→ **ACTION ITEM**:
Transcribe word for word the section of the records below that opens with the line containing "He's been a" and closes with the line containing "In this video I'm"; drop every picture.

→ **MATERIALS PROVIDED**:
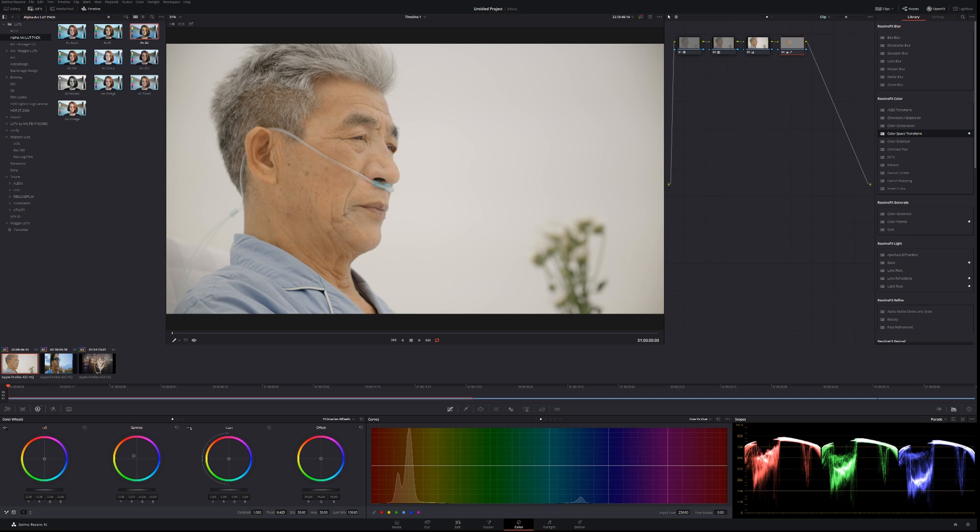I'm going to brighten up the image a bit, brighten up his face, adjust the skin tones more. Before, after, before, after.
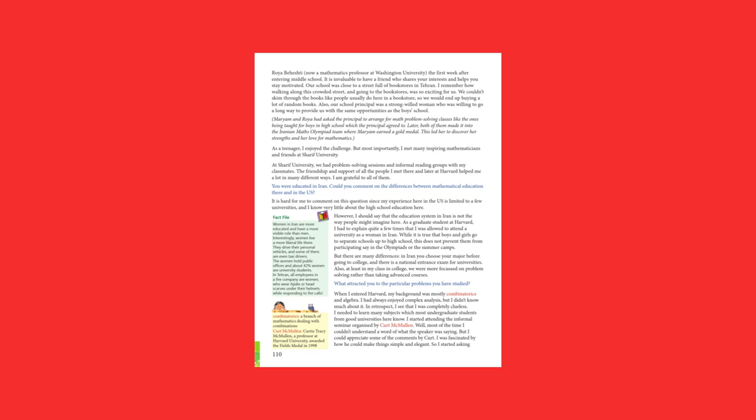While it is true that boys and girls go to separate schools up to high school, this does not prevent them from participating, say, in the Olympiads or the summer camps. But there are many differences. In Iran, you choose your major before going to college, and there is a national entrance exam for universities. Also, at least in my class in college, we were more focused on problem-solving rather than taking advanced courses.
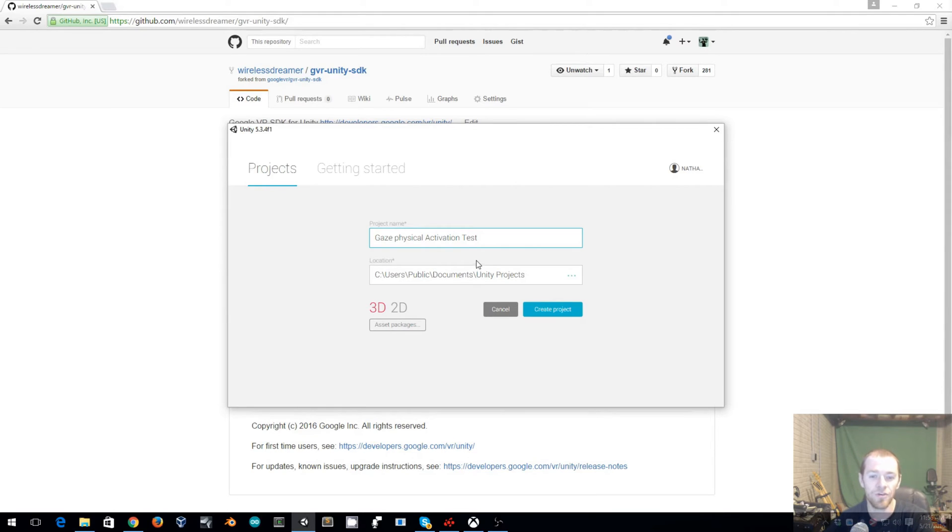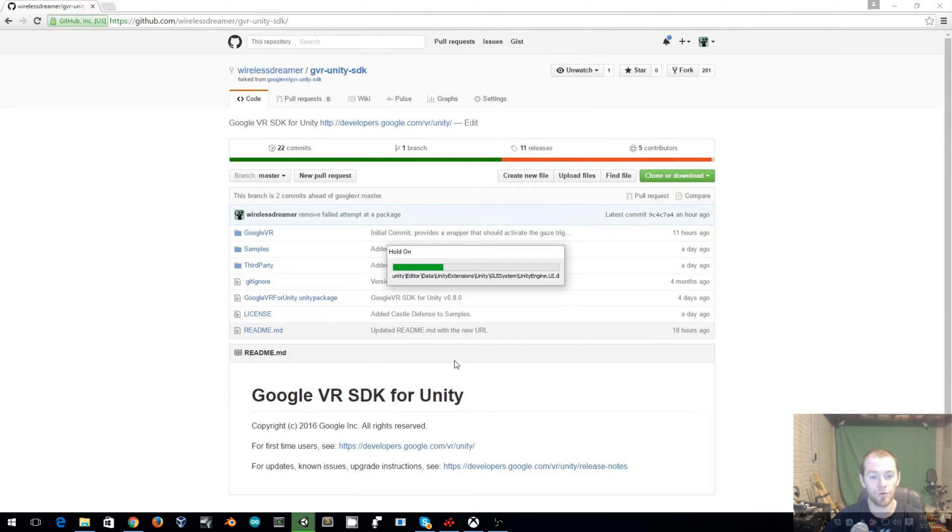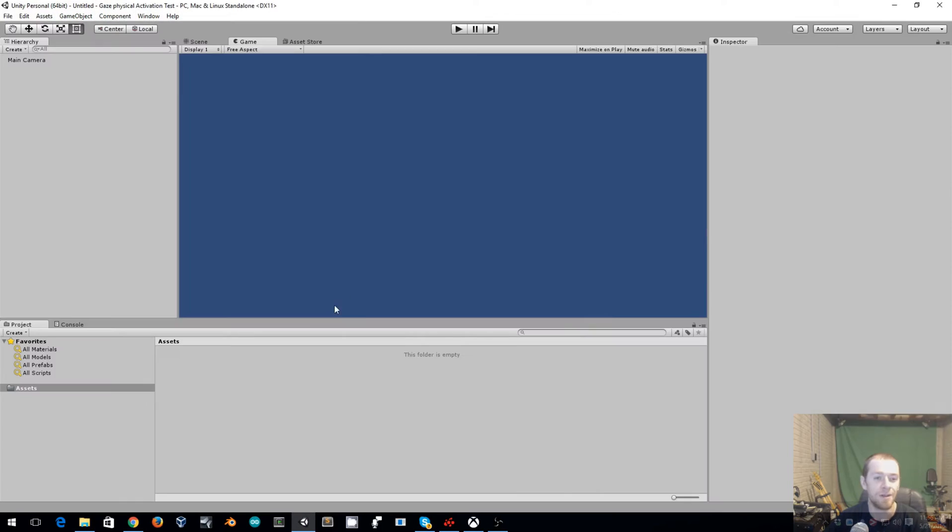So let's go ahead and create a new Unity project. I'll call this Gaze Physical Activation Test. Once that is up we are going to be importing Google VR for Unity.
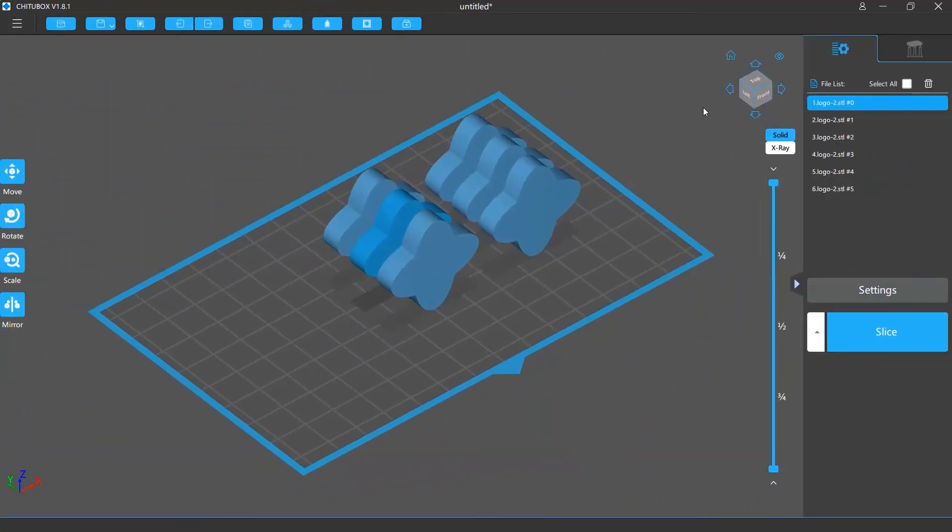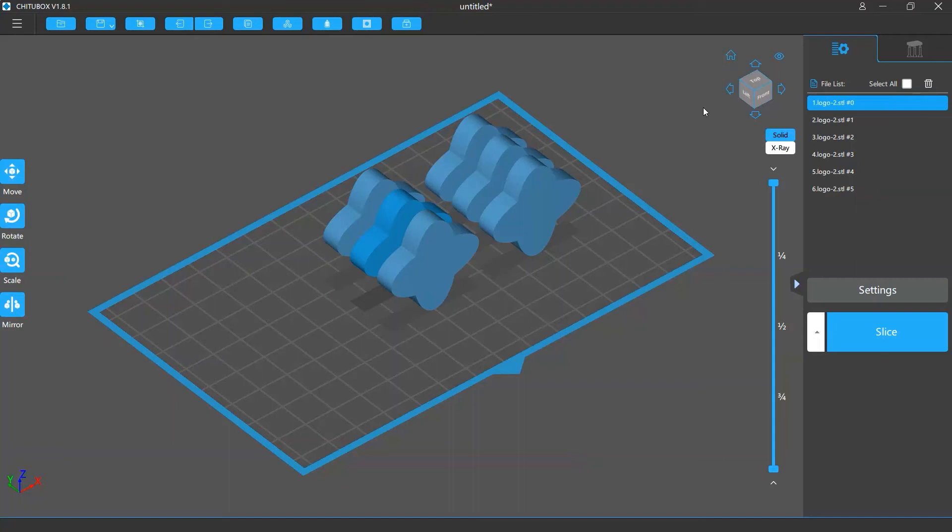Next we will talk about how to copy multiple models. First you need to select the models you want to copy. There are a few ways you can do this.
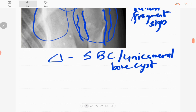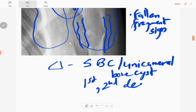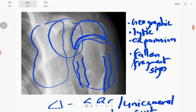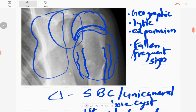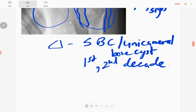Simple bone cyst is common in the first and second decade of life. It is usually a central lesion in the metaphysis, extending into the diaphysis. It is also a unilocular lesion.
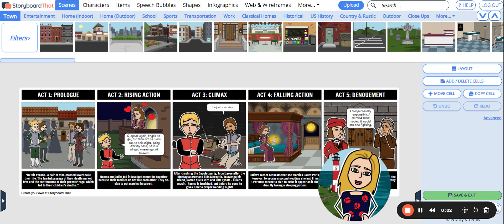Hello, and welcome to Storyboard That. My name is Leanne, and today I'm going to show you how you can record audio over your creation.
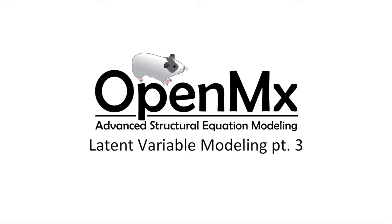Hello and welcome to part 3 of Modeling Latent Variables in OpenMX. In this video we will be modeling a latent variable model with multiple latent variables.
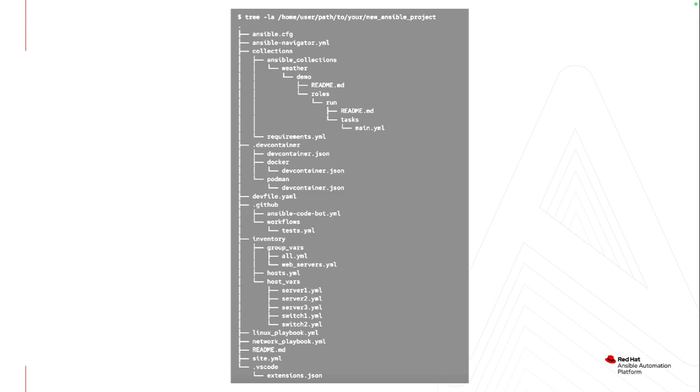So I'm going to dive into a demonstration to show these different capabilities: Ansible Creator, Ansible Lightspeed, as well as the OpenShift Dev Spaces README and pull request capabilities.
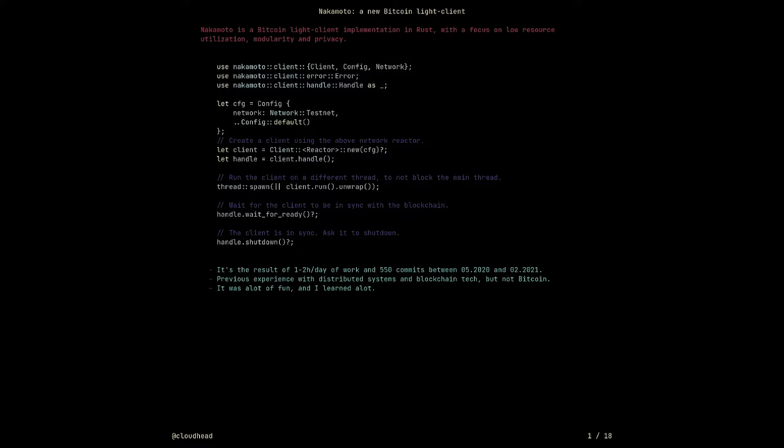He's been a developer for quite a long time, and he's also working on a project called Radical. I'll hand it off to him, and he's going to tell us about his project Nakamoto.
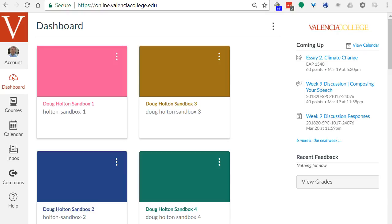In this video I'm going to show you how to add people to your Canvas Sandbox and also how to submit a link to your sandbox as part of the assignments for the Canvas Essentials course.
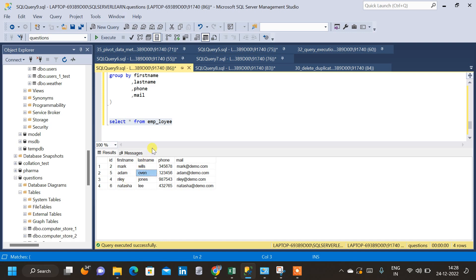So this is one method of deleting duplicate data from a table. There are other methods as well — we can delete duplicates using CTE with a ranking function, and also using joins. We will see those in other videos. To practice this query you can find the DDL in the description below, and if you find the video useful please subscribe. Thanks.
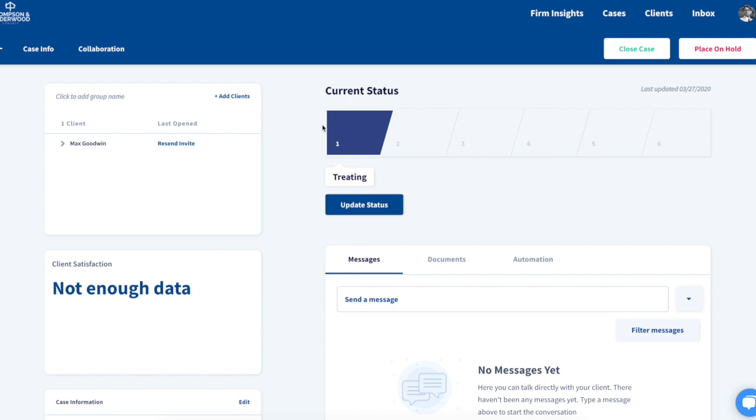To enable medical record retrieval in your account, chat with our support team by selecting the chat bubble at the bottom right of the screen.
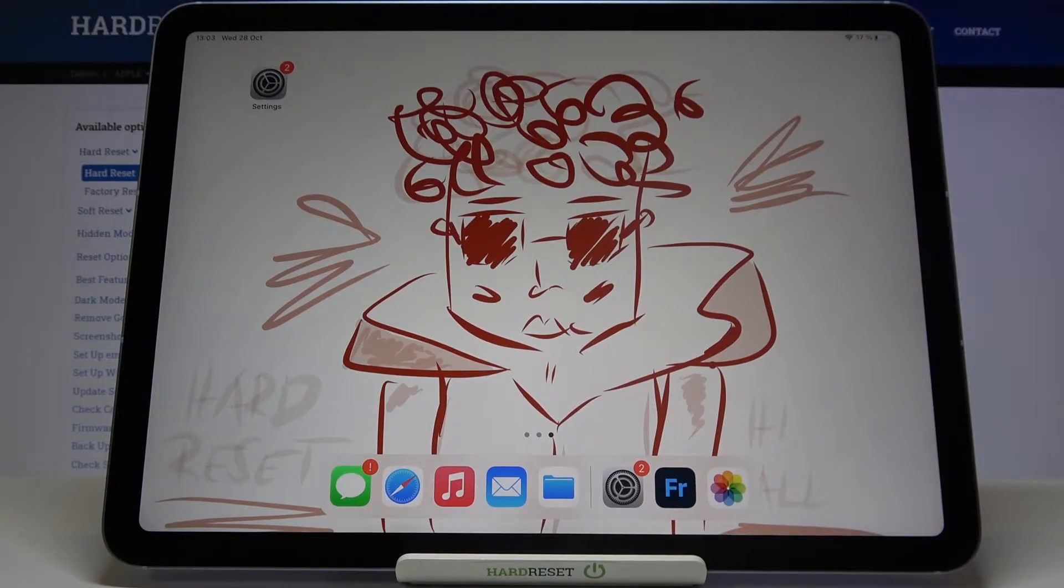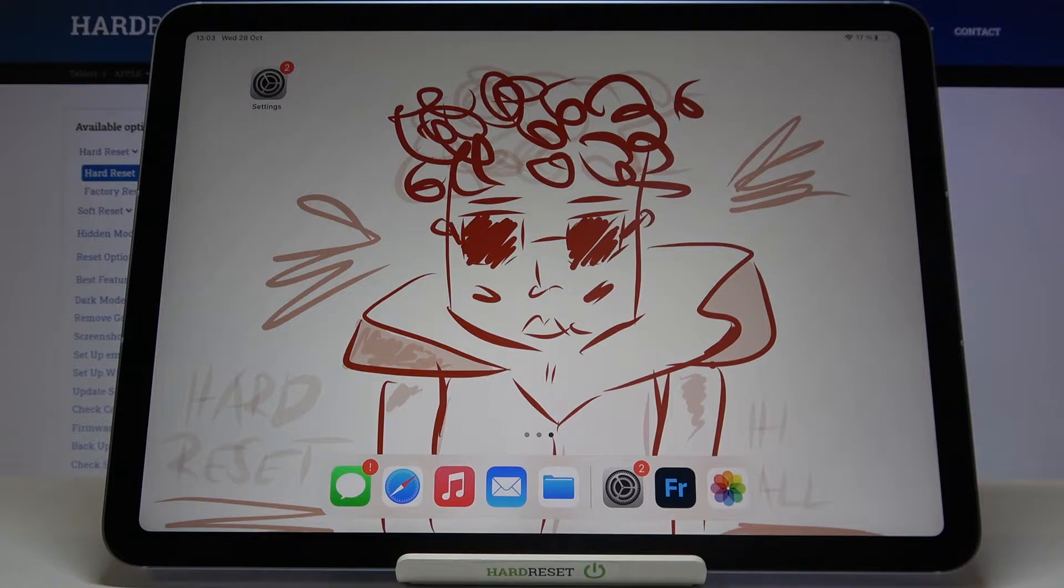In front of me is Apple iPad Air from 2020 and let me show you how to change the PIN to your SIM card on this device.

→ **RESULT OF THE TASK**:
He's been a developer for quite a long time, and he's also working on a project called Radical. I'll hand it off to him, and he's going to tell us about his project Nakamoto.
In this video I'm going to show you how to add people to your Canvas Sandbox and also how to submit a link to your sandbox as part of the assignments for the Canvas Essentials course.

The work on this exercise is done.